Three somewhat estranged sisters – Annie (Jennifer Lafleur), Isa (Aleksa Palladino) and June (Lindsay Burdge) – arrive at the cryptically alluring Spirit Lake to contemplate the future of their deceased mother’s (Beth Grant, in flashback) lakefront property. Annie wants to sell their mother’s home and move on; Isa wants to turn it into a creative cooperative in memoriam of their mother’s environmental legacy. June, the youngest sibling, would rather just observe her sister’s conversations through the lens of a camera rather than participate in the proceedings.

The ever-presence of June’s handheld POV camera is justified by the fact that she is working on a personal documentary project, it also places June firmly in the role of an emotionally disconnected observer. Once things start to get really spooky, June coldly watches as Annie and Isa presume the polarized roles of sceptic and believer. As the story progresses, the three distinctly disparate positions of the siblings become all the more apparent. They are each deeply scarred by the mental torment doled out by their mother. Just as Spirit Lake appears to be bottomless, so is the psychological impact on the siblings; their pasts have therefore heavily shaped their present personalities. Their mother fully immersed herself into environmental causes, sacrificing her relationship to her daughters, and it is not without irony that she [presumably] died while diving in the very lake that she fought so ardently to protect. That said, the sisters still find ways to pay homage to their mother’s feminist tenacity and independence, such as with their goofily brilliant lip-sync to “Free to Be… You and Me” (The New Seekers, 1972).

Writer-director Sarah Adina Smith’s feature-length debut, The Midnight Swim, studiously observes the interchanges between the sisters, adopting the same passive perspective that June purports to take. Smith’s film serves as a psychological analysis of the siblings’ chemistry and conflict, accentuated tenfold by an uncanny level of naturalism presented in Jennifer Lafleur, Aleksa Palladino and Lindsay Burdge’s performances. These three actresses fully and completely encompass their sisterhood, it is almost inconceivable that they are not truly siblings in real life.
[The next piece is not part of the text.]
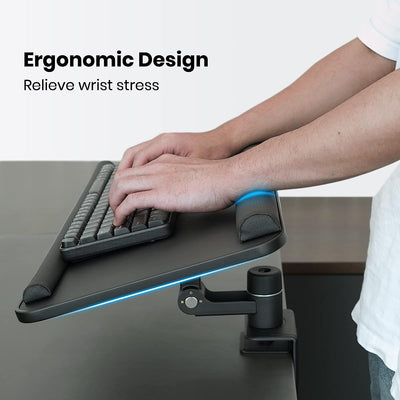 Klearlook KT-03PRO Adjustable Keyboard Tray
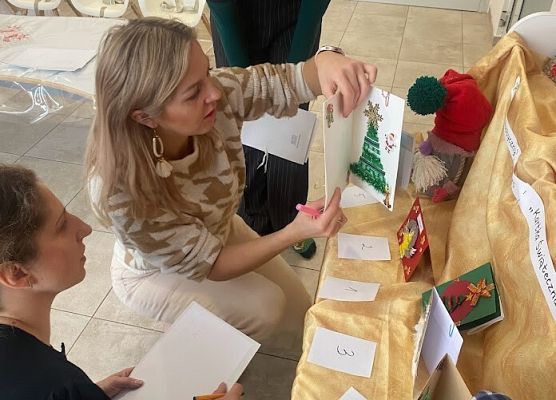 Konkurs świąteczna kartka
The Midnight Swim plays like an anti-horror film, as Smith cleverly utilizes traditional horror film tropes to comment on the genre while simultaneously aping it. Smith purposefully permits her protagonists to make irresponsible choices which always seem to lead to frightening predicaments, such as drunkenly attempting to summon the mythical Seventh Sister and going for late night swimming expeditions in the menacing lake. It is also fascinating that while the story does introduce several supernatural and mythical elements (including a reference to the Seven Sisters of Greek mythology), Smith neither confirms nor denies the legitimacy of those plot points – they serve as just that, purely plot points.

Perspective and the directorial slight of hand play a significant role in The Midnight Swim. While the found footage narrative device has all but worn out its welcome with most audiences, since it is often used as a cover-up for shoddy production quality, the approach certainly finds a legitimate purpose in The Midnight Swim. There may be no apparent reason as to how and why we are able to watch said footage, but we can assume whoever edited it did so with professional panache. For better or worse, this is a found footage film that is intricately constructed like a staged production, with perfectly timed reaction shots and all; and even though The Midnight Swim was made on a micro-budget, cinematographer Shaheen Seth’s hauntingly unsettling imagery and composer Ellen Reid’s chilling soundscape gives the allusion of a significantly more elaborate production. While The Midnight Swim may not abide by the traditional scare tactics of horror films, the eerie atmosphere created within this cinematic universe is nothing short of unnerving.